Art World
Ryan McNamara Takes You Back to School at MoMA PS1
Performers will adopt the roles of teachers, goths, jocks, and cheerleaders.
Performers will adopt the roles of teachers, goths, jocks, and cheerleaders.
Henri Neuendorf ShareShare This Article
This month, artist Ryan McNamara has developed a timely premise for a one-night-only multimedia and performance program for MoMA PS1. “Back to School” will raise money for the museum’s annual exhibition fund.
As the title suggests, McNamara will repurpose the institution and bring it back to its original function as a school; on Friday, September 23, galleries will be emptied, and will become classrooms once again. Performers will adopt the roles of teachers, goths, jocks, and cheerleaders, so get ready to engage with your best school days—or face your deepest fears.

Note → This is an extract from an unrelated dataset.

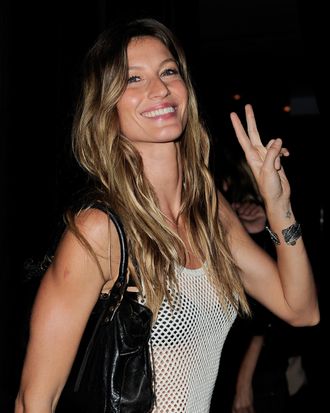 Gisele: promoting a message of global unification with just one pose.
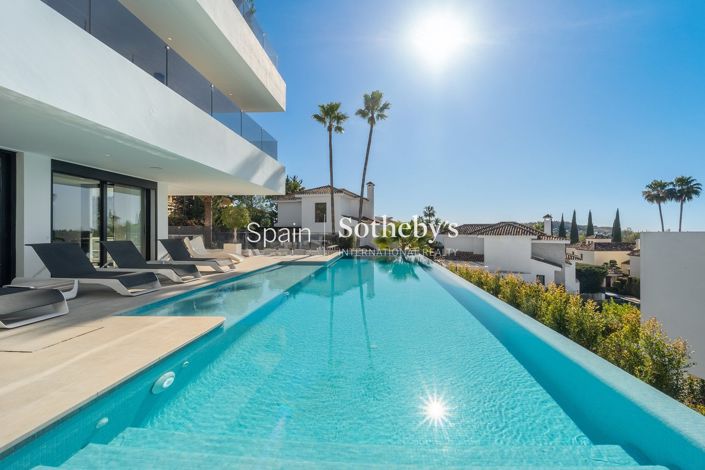 Image No.6-5 Bed Villa for sale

For those visitors who actually attended school to learn, there’s a program of lectures. For everyone else there’s an open bar, art experiences, and installations throughout the building organized by the likes of Morgan Bassichis, Claire Bishop, Nikki Columbus, FlucT, Jessica Mitrani, Sam Roeck, Justin Strauss, Nelly Furtado, and others. The evening will culminate in an epic dance party in the gymnasium.

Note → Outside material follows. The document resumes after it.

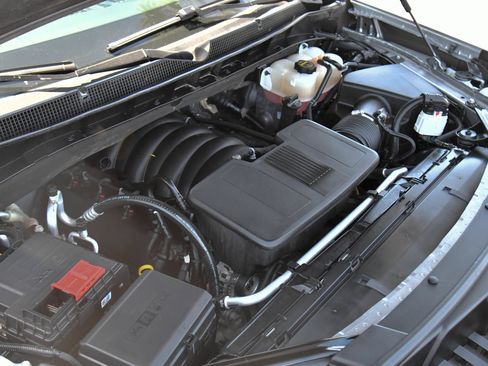 Used 2025 Chevrolet Tahoe LT AWD/4WD image 56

The benefit builds on MoMA PS1’s reputation as an innovative and multifaceted art institution bringing together performance, music, and conceptual art, while stressing the institution’s origins as a place of learning. Proceeds support MoMA PS1’s programs, and helps the museum maintain its free admission policy for all New York residents.
Attendees take note: McNamara has long been a fan of in your face performances, so this event is not for wallflowers. Earlier this year, McNamara collaborated with nine dancers to create Battleground, which premiered at the Guggenheim in May. There, “audience members act[ed] as witnesses to the three squads’ battle for dominance,” according to the performance page. And last year at Art Basel in Miami Beach, McNamara and musician Devonté Hynes (aka Blood Orange), joined forces for “Dimensions,” which featured a “writhing, booty-shaking performance.”